Healthy Meals That Are Easy For Teenagers To Cook

 7. Vegetable oats
You will need:

3 cups water
1 cup rolled oats
¼ cup red onions (chopped)
¼ cup tomato (chopped)
¼ cup carrot (chopped)
⅛ cup green peas
1tsp dried herbs mix
1tsp olive oil
Salt, to taste
How to make:

Heat oil in a pan over medium heat. As the oil warms, add onions and sauté them until they turn translucent.
Add all the veggies and salt. Cook the mixture for five to seven minutes until the vegetables turn tender.
Stir in dried herbs, oats, and water. Mix well and cook the oats for seven to ten minutes.
Turn off the heat and transfer oats to a serving bowl. You can enhance the flavor of the recipe by adding some lemon juice.

8. Slow cooker casserole
You will need:

1 cup nitrate-free roasted turkey or chicken deli slices
1 cup cheddar (grated)
½ cup frozen hash browns
½ cup low-fat milk
½ cup mushrooms (roughly chopped)
3 eggs (whisked)
1 yellow onion (chopped)
1 red capsicum (chopped)
1tbsp olive oil
½tsp garlic powder
Salt, to taste
How to make:

Put olive oil, half of the whisked eggs, milk, garlic powder, and salt in the slow cooker.

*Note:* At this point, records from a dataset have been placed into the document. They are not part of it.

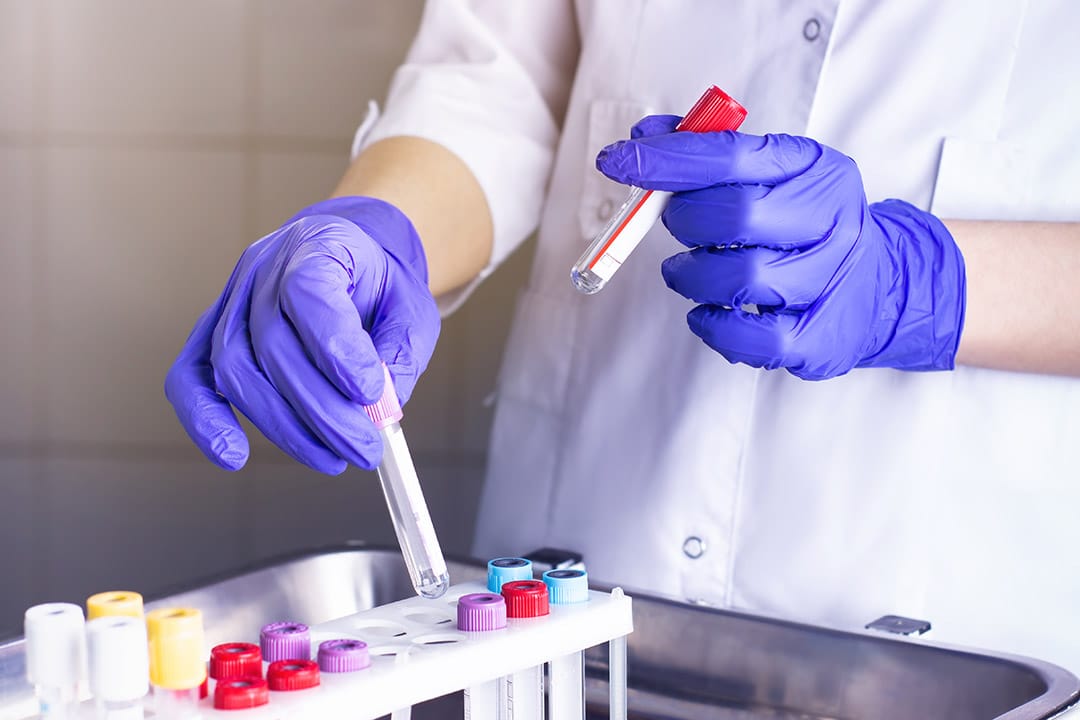 Prise de sang en laboratoire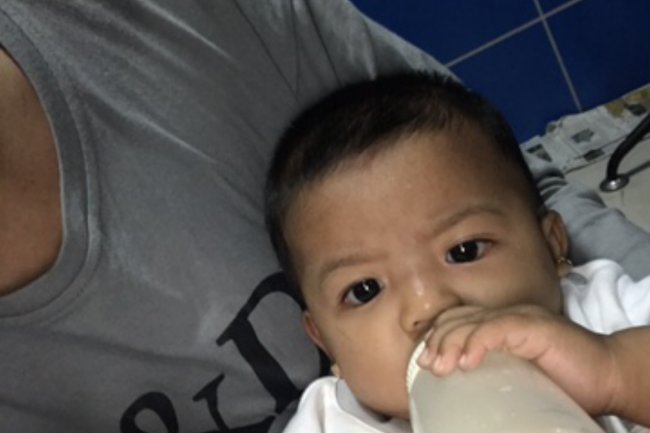Anak Alergi Susu Sapi, Ini Alternatif Aman Pengganti Susu Sapi. Simak Penjelasannya!.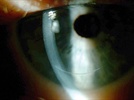 Why Femto-phaco may not be ready for prime time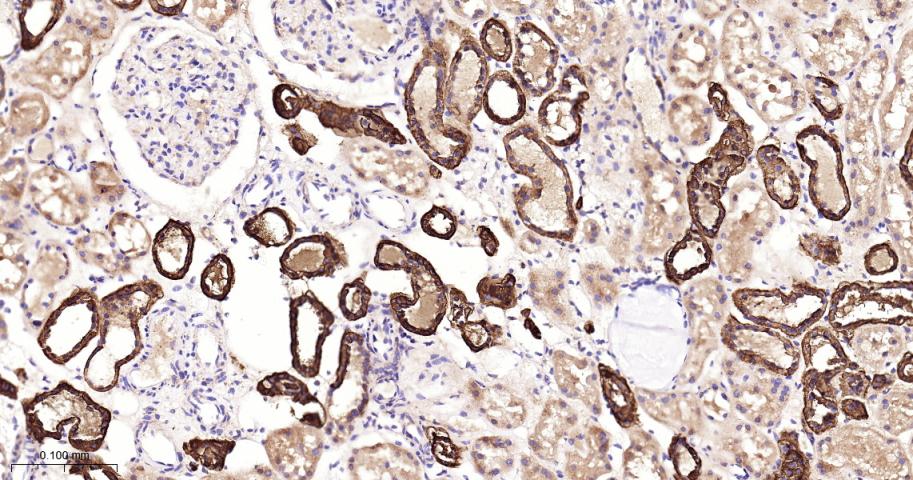 丝氨酸蛋白酶10重组兔单抗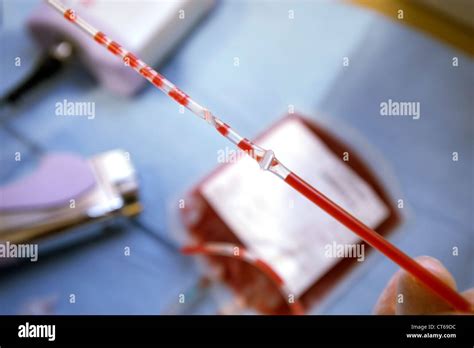 Cord Blood Hi Res Stock Photography And Images Alamy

Mix well until all the ingredients combine.
Layer the egg mixture with half of the hash browns, meat slices, onion, and cheese. Repeat layering until the entire egg mixture is used up.
Close the slow cooker’s lid and set the temperature to low heat. Cook the casserole for about six hours until the eggs are fluffy and set.
Once done, serve some casserole and store the remaining in an airtight container for later use.